Method (b) is harder to implement but limits the influence of the non-homogenous distribution of the RV information in the ThAr spectrum since the wavelength-dependance of the expected etalon drifts is small across an echelle order. Practically, the instrument drift correction of the ThAr frames can be achieved either from bracketing etalon observations or by using the simcal fiber as in the case of science exposures. The difficulty is to correct for the bleeds of the Ar lines into the etalon spectrum. However, since instrument drifts can reach values of up to 1 m/s from exposure to exposure, and are sometimes non-linear to a degree that limits the precision when using the bracketing etalon technique, we implemented simultaneous etalon observations starting in August 2021.

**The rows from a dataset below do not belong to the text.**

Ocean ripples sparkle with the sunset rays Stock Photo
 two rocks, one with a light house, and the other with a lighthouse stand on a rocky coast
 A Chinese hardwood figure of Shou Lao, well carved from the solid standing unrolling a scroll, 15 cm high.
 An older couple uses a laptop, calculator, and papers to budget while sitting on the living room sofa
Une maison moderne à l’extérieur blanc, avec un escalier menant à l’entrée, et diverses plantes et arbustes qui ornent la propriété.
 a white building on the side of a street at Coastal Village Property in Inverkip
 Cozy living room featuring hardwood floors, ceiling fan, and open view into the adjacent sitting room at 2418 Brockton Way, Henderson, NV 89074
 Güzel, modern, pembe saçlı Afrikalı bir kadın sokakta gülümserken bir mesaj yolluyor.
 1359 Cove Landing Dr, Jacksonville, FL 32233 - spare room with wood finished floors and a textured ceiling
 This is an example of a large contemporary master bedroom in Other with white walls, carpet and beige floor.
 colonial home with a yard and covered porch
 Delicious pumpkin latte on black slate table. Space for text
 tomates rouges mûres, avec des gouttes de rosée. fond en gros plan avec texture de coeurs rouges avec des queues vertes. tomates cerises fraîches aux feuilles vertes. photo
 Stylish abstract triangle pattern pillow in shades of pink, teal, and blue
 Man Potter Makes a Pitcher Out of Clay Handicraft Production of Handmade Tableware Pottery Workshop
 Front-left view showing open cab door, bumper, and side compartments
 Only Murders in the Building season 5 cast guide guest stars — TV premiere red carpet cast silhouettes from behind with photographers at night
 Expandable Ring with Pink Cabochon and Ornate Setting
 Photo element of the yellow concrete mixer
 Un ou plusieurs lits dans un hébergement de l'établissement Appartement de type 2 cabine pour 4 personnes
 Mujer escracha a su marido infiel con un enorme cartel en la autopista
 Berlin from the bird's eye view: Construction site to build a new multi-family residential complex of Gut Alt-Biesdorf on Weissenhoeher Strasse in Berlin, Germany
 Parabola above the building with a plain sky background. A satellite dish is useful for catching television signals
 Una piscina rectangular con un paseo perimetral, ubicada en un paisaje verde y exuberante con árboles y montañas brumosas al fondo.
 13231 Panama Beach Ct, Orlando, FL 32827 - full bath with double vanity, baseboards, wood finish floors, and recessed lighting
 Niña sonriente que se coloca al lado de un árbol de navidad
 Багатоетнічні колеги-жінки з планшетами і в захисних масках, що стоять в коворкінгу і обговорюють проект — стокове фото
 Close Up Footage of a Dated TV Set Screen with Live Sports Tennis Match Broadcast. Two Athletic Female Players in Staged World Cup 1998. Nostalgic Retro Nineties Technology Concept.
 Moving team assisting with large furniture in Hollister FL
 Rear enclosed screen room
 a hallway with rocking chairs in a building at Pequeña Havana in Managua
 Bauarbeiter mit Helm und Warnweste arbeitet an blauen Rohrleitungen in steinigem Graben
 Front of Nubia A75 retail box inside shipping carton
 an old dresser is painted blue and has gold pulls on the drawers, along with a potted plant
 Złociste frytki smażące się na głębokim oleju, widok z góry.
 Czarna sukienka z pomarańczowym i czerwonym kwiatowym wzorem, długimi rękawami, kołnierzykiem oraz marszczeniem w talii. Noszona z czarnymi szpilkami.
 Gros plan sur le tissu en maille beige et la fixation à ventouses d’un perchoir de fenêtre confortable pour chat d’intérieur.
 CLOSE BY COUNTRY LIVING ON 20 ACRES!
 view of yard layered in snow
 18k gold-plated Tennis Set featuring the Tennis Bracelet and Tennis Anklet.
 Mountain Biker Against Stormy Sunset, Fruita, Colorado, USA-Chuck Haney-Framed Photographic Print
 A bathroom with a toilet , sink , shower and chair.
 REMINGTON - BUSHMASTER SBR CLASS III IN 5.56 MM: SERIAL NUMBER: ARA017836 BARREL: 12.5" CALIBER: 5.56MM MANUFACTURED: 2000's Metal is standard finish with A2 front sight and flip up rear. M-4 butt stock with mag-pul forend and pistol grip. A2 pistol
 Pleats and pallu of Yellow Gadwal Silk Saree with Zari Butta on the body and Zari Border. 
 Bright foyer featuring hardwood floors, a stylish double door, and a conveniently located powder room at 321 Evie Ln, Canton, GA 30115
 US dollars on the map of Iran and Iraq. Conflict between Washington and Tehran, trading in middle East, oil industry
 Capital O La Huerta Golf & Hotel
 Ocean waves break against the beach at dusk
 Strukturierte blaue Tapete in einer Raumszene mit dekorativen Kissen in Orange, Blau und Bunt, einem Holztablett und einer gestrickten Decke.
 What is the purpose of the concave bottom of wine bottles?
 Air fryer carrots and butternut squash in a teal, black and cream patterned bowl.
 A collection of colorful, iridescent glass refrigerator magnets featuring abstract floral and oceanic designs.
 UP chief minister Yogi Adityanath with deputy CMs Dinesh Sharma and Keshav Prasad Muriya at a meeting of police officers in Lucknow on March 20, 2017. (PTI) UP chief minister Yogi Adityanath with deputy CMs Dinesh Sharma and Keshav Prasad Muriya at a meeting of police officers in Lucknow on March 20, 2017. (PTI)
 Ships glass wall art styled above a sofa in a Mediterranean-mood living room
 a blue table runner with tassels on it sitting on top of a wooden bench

(I) Absolute cross-correlation against a line list

When cross-correlating the spectrum against line positions from the NIST line list for Thorium, we recover the intrinsic average instrumental profile (IP) in each echelle order since the Th lines are unresolved. MAROON-X' IP is not very well described by a Gaussian profile, but much better by a box (representing the square slit) and error functions on either side (representing the aberrations of the spectrograph). This IP is used when fitting the (unresolved) etalon lines in the etalon spectrum and matches very well. When the sigmas of the two error functions are tied together, the fit is symmetrical, if left as a free parameter, the fit allows for asymmetric IPs which is more realistic but has its downsides (see discussion below).

The main advantages of the 'absolute' cross-correlation against the NIST line list are (1) the ability to select only Thorium lines which are regarded the most stable, and discarding the Argon and ThO2 lines which might show a stronger variability (e.g. changes in temperature of the lamp, i.e. 'on'-time) and might be more prone to lamp aging effects; and (2) the ability to easily avoid regions of contamination from saturated Argon lines, particularly in the red arm.

The main disadvantages are (1) sparse and uneven sampling across each order due to the limited number of Thorium lines and (2) contamination issues arising from line blends, and the floor of ThO2 lines across the spectrum.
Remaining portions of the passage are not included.